Ashoka Varma is a police officer trying to prevent smuggling. On the night he found the crucial evidence needed, he was murdered in his house. To find the murderer, Kerala Home Minister invites CID Ramdas / Dasan and Vijayan to Kerala.

On the day they arrived, CI takes them to their residence. They mistake Damu their cook for the murderer and beat him up. Due to Damu's injury, they take their supper in a hotel. In that hotel, Ramdas overhears a conversation and mistakes Isaac and Prof. Vidyadharan, two bird watchers, as the murderers. After the supper, Dasan and Vijayan walk along through streets and run into Isaac. When they try to follow him, they are shot at and ambushed by a group of villains and a fight breaks out. After the fight, they are saved by Prabhakaran Thampi, the real smuggler, who pretends to be a mill owner involved in a lot of social service projects. Prabhakaran Thampi advises Dasan and Vijayan to withdraw from the investigation told that there are many officers, who were investigating this case, have been murdered and that he does not want the duo to share their fare. Dasan and Vijayan are frightened but they put on a brave face before him.
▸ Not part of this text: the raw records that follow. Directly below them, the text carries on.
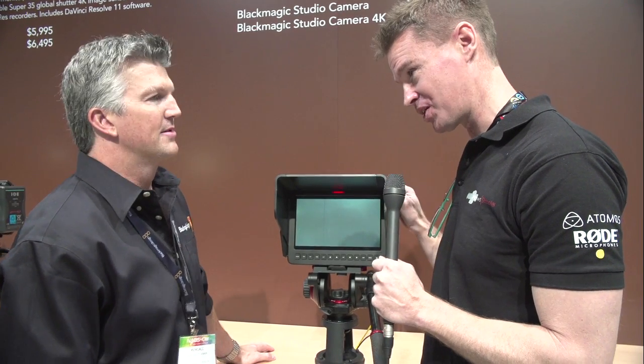Hi, it's Matt here for NewShooter.com at the Blackmagic booth here at NAB 2014 and I'm with Kendall again. Now, Kendall, this is Blackmagic's second camera. This is the studio camera.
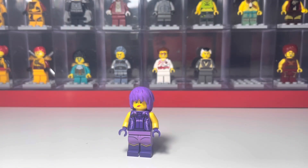Here she is — here's my custom Camille. I find it crazy that we didn't get an official Camille figure, especially since she fought Lloyd, the main character of the show. I would have thought we would have been more likely to get Camille rather than Griffin Turner. But yeah, whatever — it doesn't really matter now, as long as we get her sometime in the future.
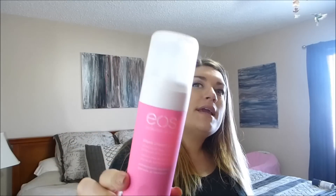Hey everybody, I'm here with the EOS — Evolution of Smooth, that's what it stands for — shave cream. I'm not sure if this product is new or not but I've definitely never seen it. I picked mine up at Superstore for under four bucks. There was another flavor there — Vanilla Bliss, I believe — and this one is Pomegranate Raspberry in a bright pink bottle.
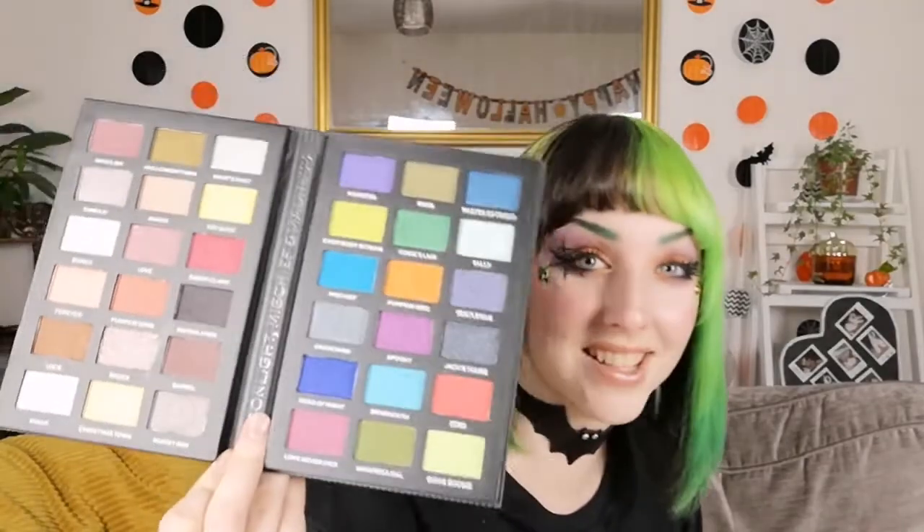So let's dive into the Jack palette. We have tons and tons of shades — I can't believe how liberal they were with the amount of shades they give you. These palettes are only like 15 pounds, so that's a lot for your money. Again, I'll do a similar thing of just going row by row, and the very first row is full of more neutral shades that are definitely very good for everyday wear.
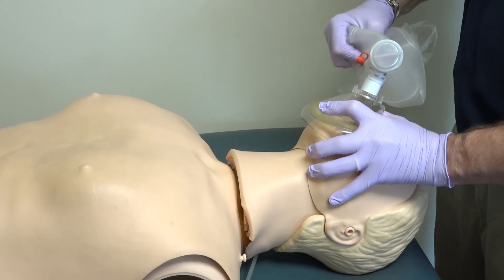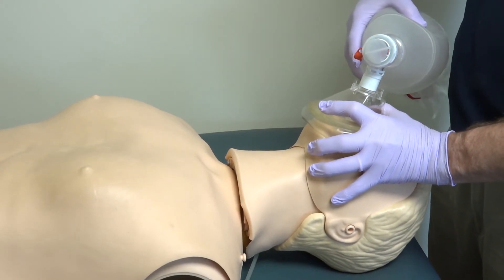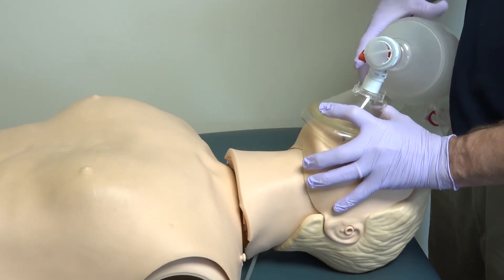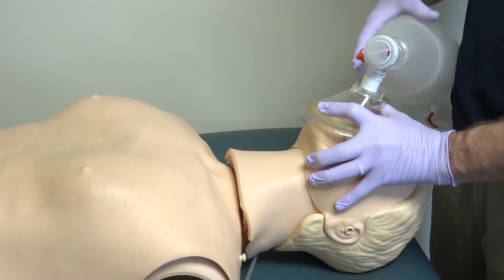Once this is completed, squeeze the bag. If done correctly, you will hear a breath and see a chest rise. If not correct, you will feel the air push back. The program will also give you feedback if you are giving sufficient air to the mannequin.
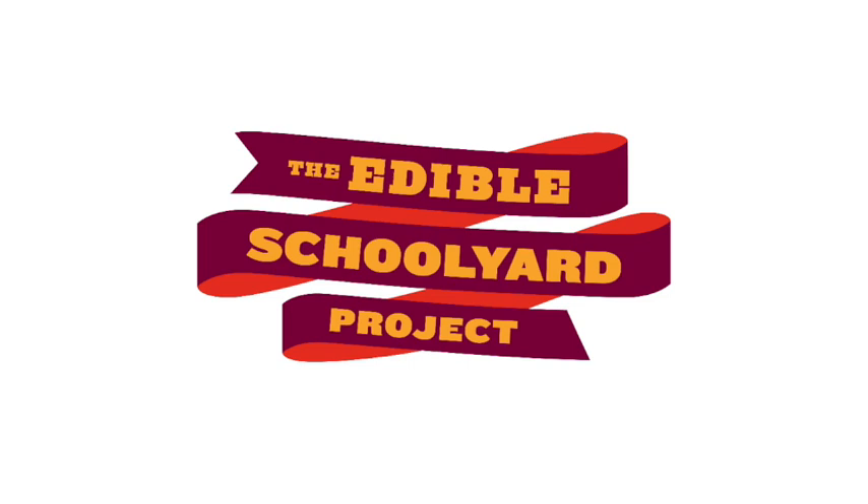This is Nick from the Edible Schoolyard. Welcome back to Reflecting on Food. This episode, we're going to do a short, mindful eating activity.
Dasan and Vijayan decide to go undercover and start the investigation. With the help of Dasan's idea, they dress up as Mapilla umbrella repairmen. While investigating, an old woman gives them an umbrella to repair. They try to ask her about Isaac but she is not interested. They do a bad job in repairing the umbrella. At that time the woman's daughter-in-law Shobha arrives there and she spots Vijayan's fake beard and realizes that they are not genuine repairmen. Suspecting that they are thieves, the women raise the alarm and neighbours gather to catch the "thieves". The duo run away from there, leaving behind their repair kit.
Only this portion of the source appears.